▶ _EXERCISE DIRECTIONS_
In the records below, reproduce exactly the lines from the one containing "Numire: Șef nou la Trezoreria Suceava" through the one containing "78×53cm von LTTTT", both included, and omit the pictures.

─── DATA TO USE ───

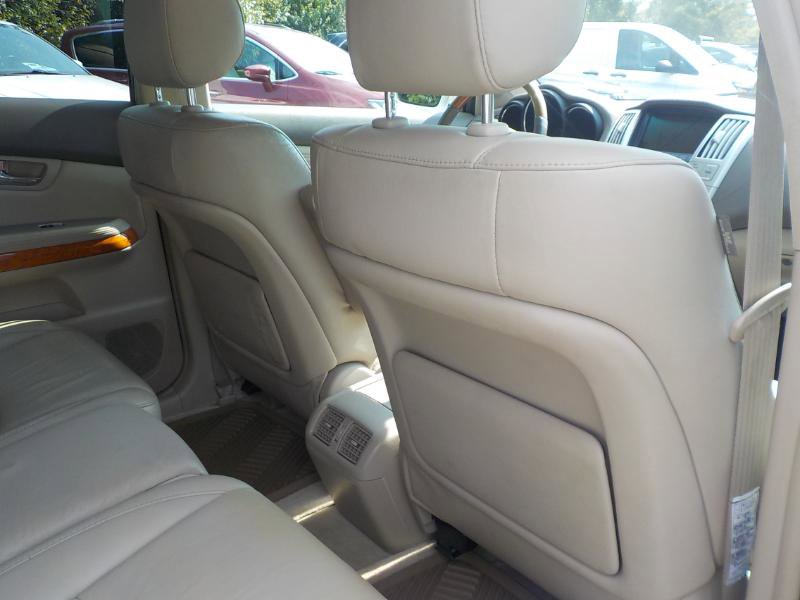 Used 2009 Lexus RX 350 AWD image 30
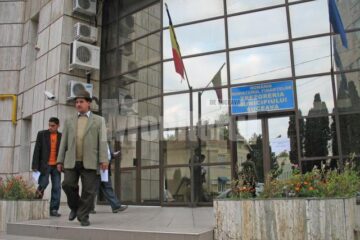 Numire: Șef nou la Trezoreria Suceava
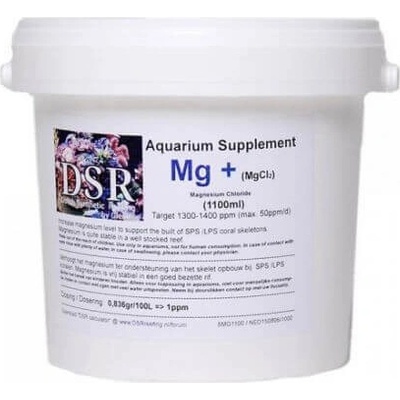DSR reefing Mg+ 400 g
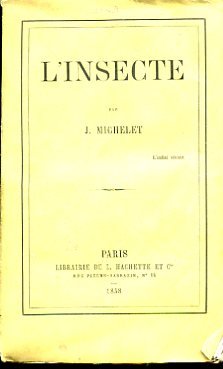 L'Insecte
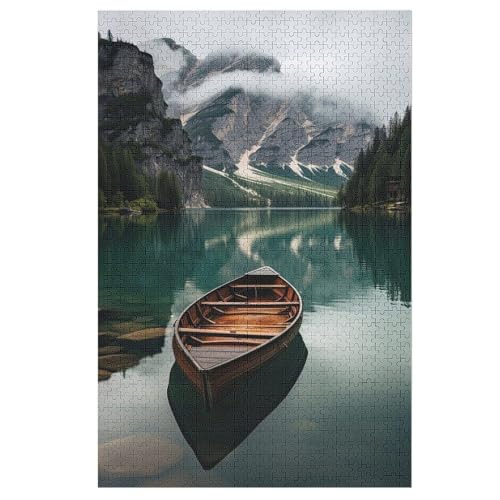 Japanischer Stil Holzpuzzle 1000 Teile, Knobelspiele Für Erwachsene, Teenager, Puzzles Unmögliche - Kinder Puzzle Zimmer Deko 78×53cm Japanischer Stil Holzpuzzle 1000 Teile, Knobelspiele Für Erwachsene, Teenager, Puzzles Unmögliche - Kinder Puzzle Zimmer Deko 78×53cm von LTTTT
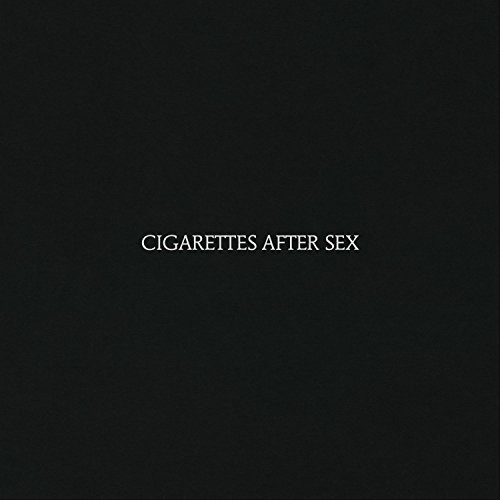 Cigarettes After Sex - Cigarettes After Sex [LP]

───

▶ _EXERCISE RESPONSE_
 Numire: Șef nou la Trezoreria Suceava
DSR reefing Mg+ 400 g
 L'Insecte
 Japanischer Stil Holzpuzzle 1000 Teile, Knobelspiele Für Erwachsene, Teenager, Puzzles Unmögliche - Kinder Puzzle Zimmer Deko 78×53cm Japanischer Stil Holzpuzzle 1000 Teile, Knobelspiele Für Erwachsene, Teenager, Puzzles Unmögliche - Kinder Puzzle Zimmer Deko 78×53cm von LTTTT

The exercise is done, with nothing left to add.